Los Angeles city airport administrators hired a consultant Tuesday to develop a long-range plan for the expansion of Ontario International Airport, to accommodate some of Southern California's increasing air transportation needs.
The growth of the airport has become increasingly important since the March 5 election, when Orange County voters rejected construction of an international airport at the former El Toro Marine Corps Air Station, airport officials said.
Members of the Los Angeles City Airport Commission unanimously approved the hiring of the consultant, saying other regional airports must pick up some of the 30 million or so passengers a year that planners had hoped would be able to use the now-rejected south Orange County facility by 2025.
The seven-member commission operates Ontario and three other airports. With its vote, the panel hired Kansas City-based HNTB Corp. to make plans for expanding Ontario International.
The firm has extensive experience designing airport and transportation projects. It has also been a financial backer of Los Angeles Mayor James K. Hahn and of Hahn's campaign against San Fernando Valley secession.
In December, HNTB gave $25,000 to L.A. United, the mayor's anti-secession campaign committee. The company's local executives also contributed $24,950 to Hahn. They gave mayoral election rival Antonio Villaraigosa $4,700 during last year's campaign.
HNTB was chosen from a field of three bidders, which submitted proposals last summer to start planning for the long-term expansion of passenger terminals and facilities at the Ontario airport.
The first stage of the work is expected to take a year and cost $650,000. But airport officials said the contract could total $3.9 million when later phases of the project are included.
After the commission approved the contract, Hahn said in a statement that he is committed to moving forward with his campaign promise "to develop a regional aviation program that will redistribute Southern California's air traffic demand from Los Angeles International to other regional airports."
Despite this month's decision by 57.8% of Orange County voters to oppose development of an international airport at El Toro, Hahn said "all airports in the region must be prepared to take on a larger share of passenger and cargo volume in the future in order to preserve the economic benefits of tourism and trade in our region."
With two new passenger terminals that opened in 1998, the Ontario facility is handling more than 6 million passengers a year, even with the drop in air travel after the Sept. 11 terrorist attacks.
The San Bernardino County airport already has plans to build a third passenger terminal when air traffic reaches 10 million annual passengers.
Jim Ritchie, deputy executive for long-term planning at Los Angeles World Airports, said a new terminal would boost Ontario's annual capacity from 10 million to 15 million passengers.

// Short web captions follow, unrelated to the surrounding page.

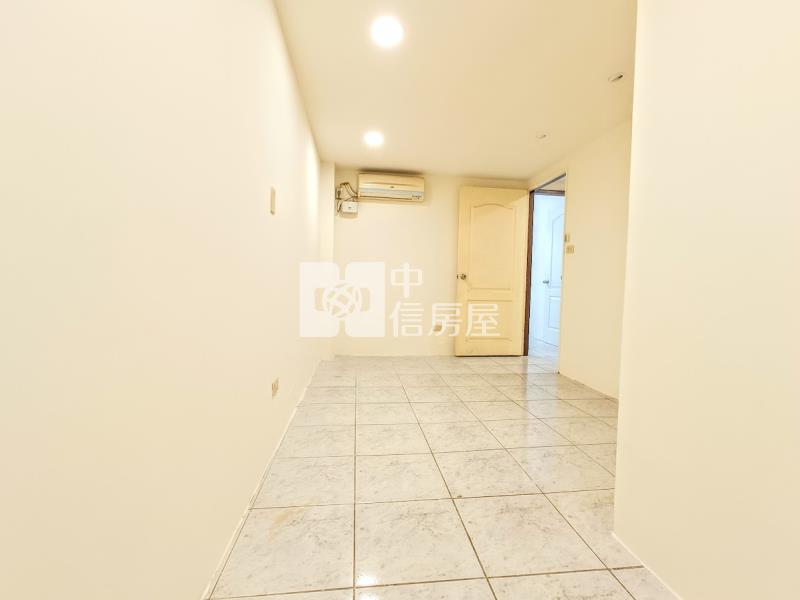 @公益商圈@傑出家園華廈.4房+車位房屋室內格局與周邊環境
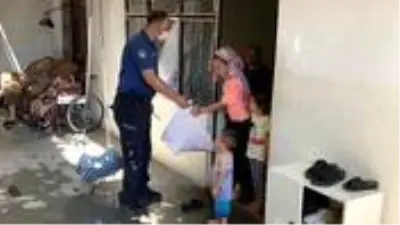 Her Kurban Bayramı öncesi ihtiyaç sahiplerine et dağıtıyor ama kimse onu tanımıyor Her Kurban Bayramı öncesi ihtiyaç sahiplerine et dağıtıyor ama kimse onu tanımıyor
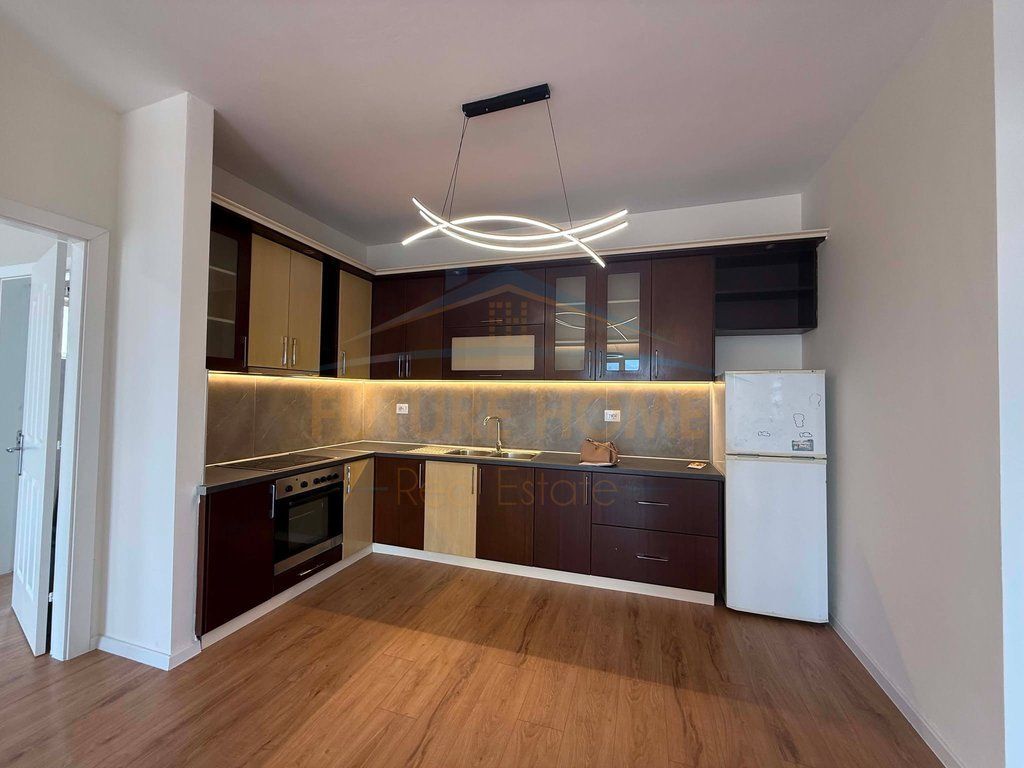 Shitet Apartament 2+1+2, Unaza e Re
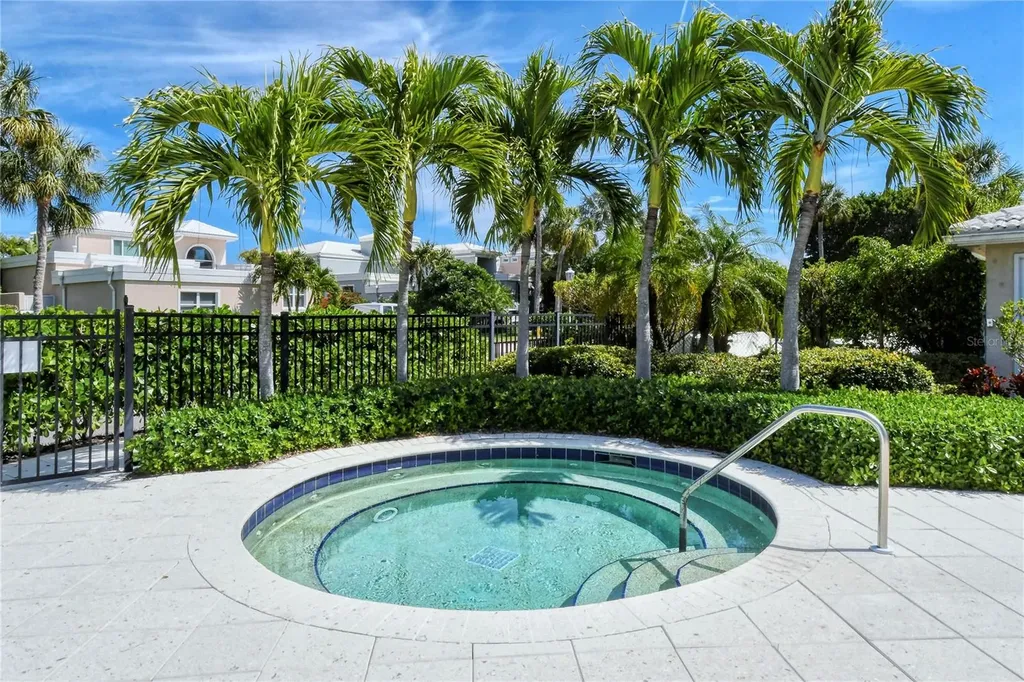 3530 Mistletoe Lane Longboat Key FL 34228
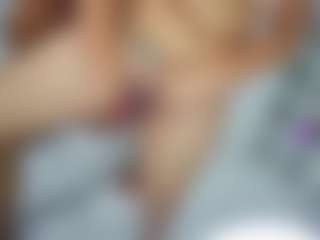 Live cam show with Sophie - Young Adult on madthumbs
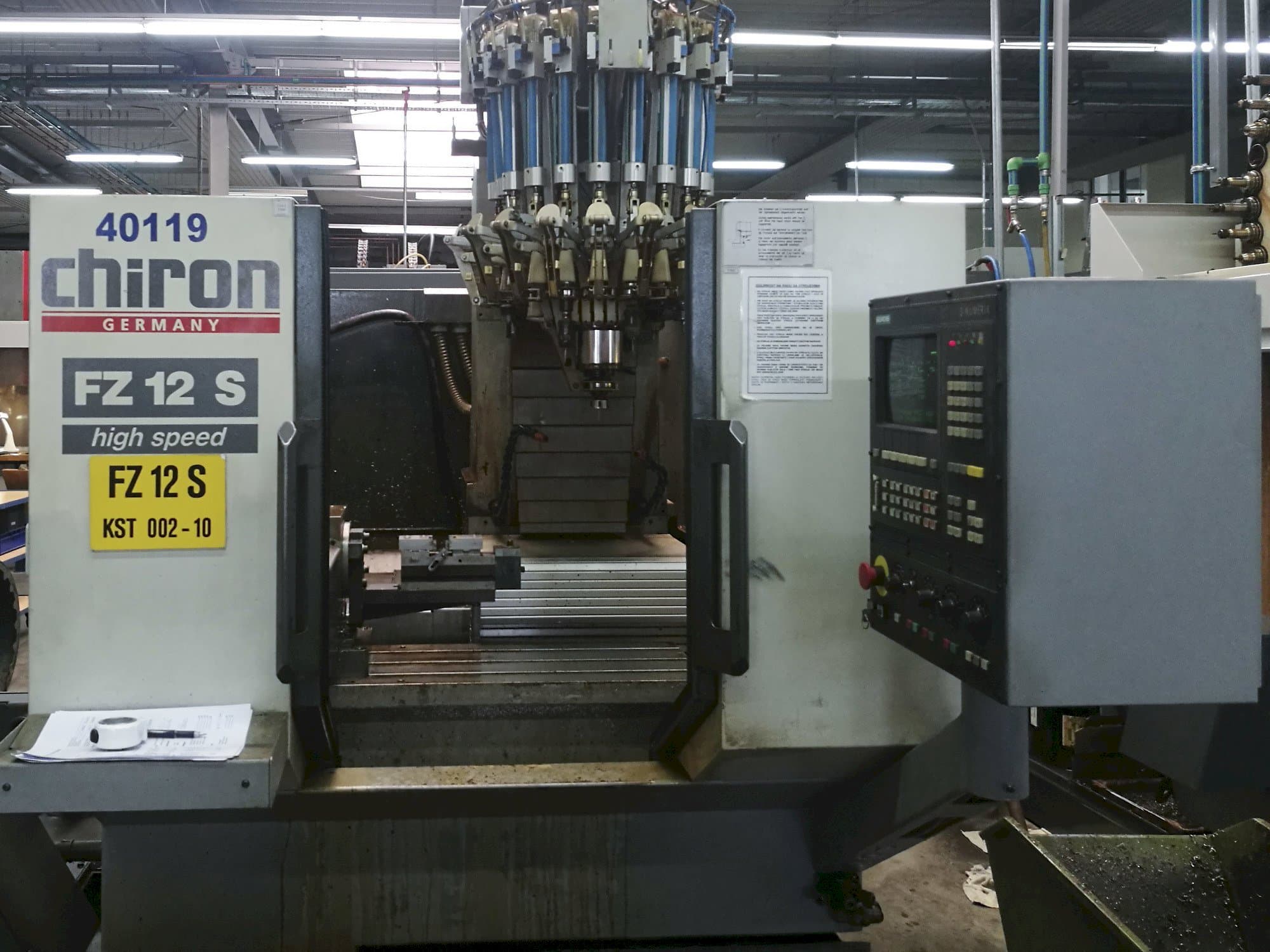 Vista frontale della macchina CHIRON FZ 12 S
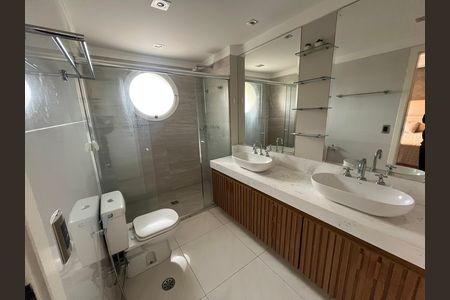 Apartamento à venda com 350m², 3 quartos e 4 vagas Apartamento à venda com 350m², 3 quartos e 4 vagasBanheiro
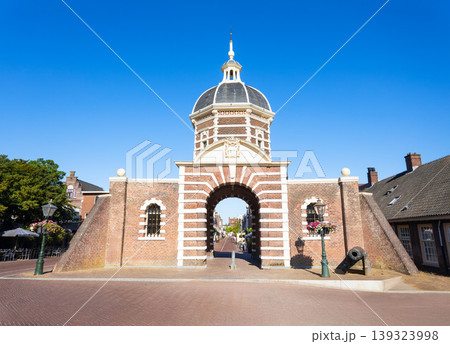 Morspoort city gate at the canal in Leiden, Netherlands Morspoort city gate at the canal in Leiden, Netherlands 139323998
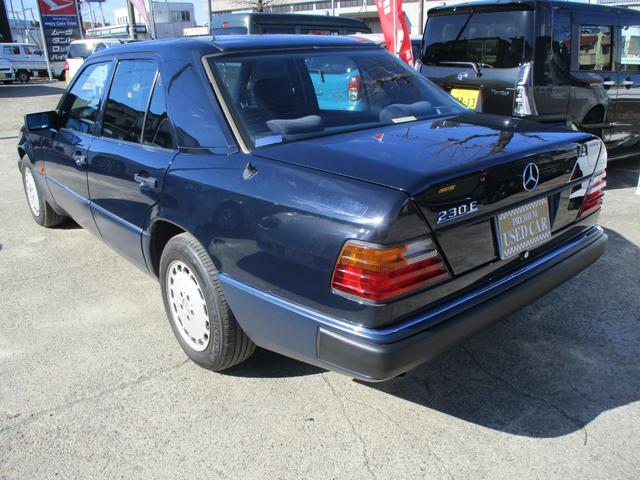 ２３０Ｅ　２３０Ｅ（５名）　左ハンドル　パワーウインドウ　ＡＢＳ(5枚目)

The new master plan study will examine the impact of future construction, including passenger and cargo facilities and a third runway. Ritchie said the Southern California Assn. of Governments has projected that Ontario may have to serve 30 million passengers a year by 2025.
Ultimately, the master plan study is expected to lead to an environmental impact report on the effects of expanding the airport.
Airport Commissioner Leland Wong, just back from a trip to China, said expansion of Ontario is "even more important" to the Los Angeles region after the anti-airport vote in Orange County.
A regional aviation plan called for El Toro to handle about 30 million passengers a year but voters passed a measure to rezone the site as a park and nature preserve.